Was den geistigen Horizont von deutschen Rassisten übersteigt

Daher hier die abkürzende Frage: Sind denn Jesus und Maria Deutsche? Wenn nein, warum konnte man sie integrieren? Der Grund liegt darin begründet, dass Jesus ein universeller Mensch war, der für Menschen unterschiedlicher Herkunft und Kultur gewirkt hat, wie auch seine heilige Mutter. Solche Dimensionen übersteigen aber den geistigen Horizont von deutschen Rassisten!

Heute beginnt das islamische Neujahr 1439 und damit die Trauertage für Imam Husain. Der Enkel des Propheten Muhammad stand im Jahr 680 n.Chr. mit einer kleinen Gruppe von einigen dutzend Getreuen des wahren Islam einem Heer von 30.000 bestausgerüsteten Soldaten des missbrauchten Namen des Islam gegenüber. Der Prophetenenkel Husain und seine Getreuen standen in der Ebene von Kerbela am zehnten Tag des ersten islamischen Mondmonats, dem Tag Aschura (Zehnter), allein und ohne Wasser zur Verteidigung der Wahrheit aufrecht. Sie wurden nahezu alle massakriert. Das Imperium hatte zugeschlagen, denn es duldet keinen Aufstand gegen seine Herrschaft. Aber der Revolutionär im Namen der Wahrheit und Gerechtigkeit lebt heute noch in den Herzen so vieler Menschen. Seine Anhängerschaft war eine „gemischte“ Anhängerschaft aller Haut-, Augen- und Haarfarben. Die Gegner waren „reinrassige“ Soldaten teuflischer Unmenschlichkeit.

Die Welt hat seit Kain und Abel nichts anderes gesehen: Immer gab es einen Moses und immer einen Pharao. Wer den Moses seiner Zeit direkt erkennt, ist gesegnet. Wer ihn nicht direkt erkennt, braucht nur zu schauen, welche gottesehrfürchtige Person vom Pharao der Zeit bekämpft wird. Pharao Trump war da sehr eindeutig. Bei allen Scharmützeln, die er mit vielen Ländern ausfechtet, Erzfeind des USraelischen Pyramidenbauer ist und bleibt Imam Chamenei! Und damit sind wir zurück bei den Wahlen.

Wer AFD wählt, wählt das Imperium. Wer CDU, SPD, FDP oder Grüne wählt, wählt auch das Imperium

Wer die AFD wählt, wählt das Imperium.
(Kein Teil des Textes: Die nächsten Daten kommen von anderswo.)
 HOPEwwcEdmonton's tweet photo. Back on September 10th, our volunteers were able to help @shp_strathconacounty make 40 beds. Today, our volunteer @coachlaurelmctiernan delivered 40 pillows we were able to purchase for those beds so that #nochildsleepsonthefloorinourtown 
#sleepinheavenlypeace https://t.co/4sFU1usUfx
Und wer die CDU, SPD, FDP oder Grüne wählt, wählt auch das Imperium. Bei den Linken bin ich mir nicht sicher. Bei einigen Kleineren kann es anders sein. Doch das Imperium hat Deutschland stets nur geschadet, auch indem es eine fiese Fratze des deutschen Rassismus in der Welt verbreiten ließ.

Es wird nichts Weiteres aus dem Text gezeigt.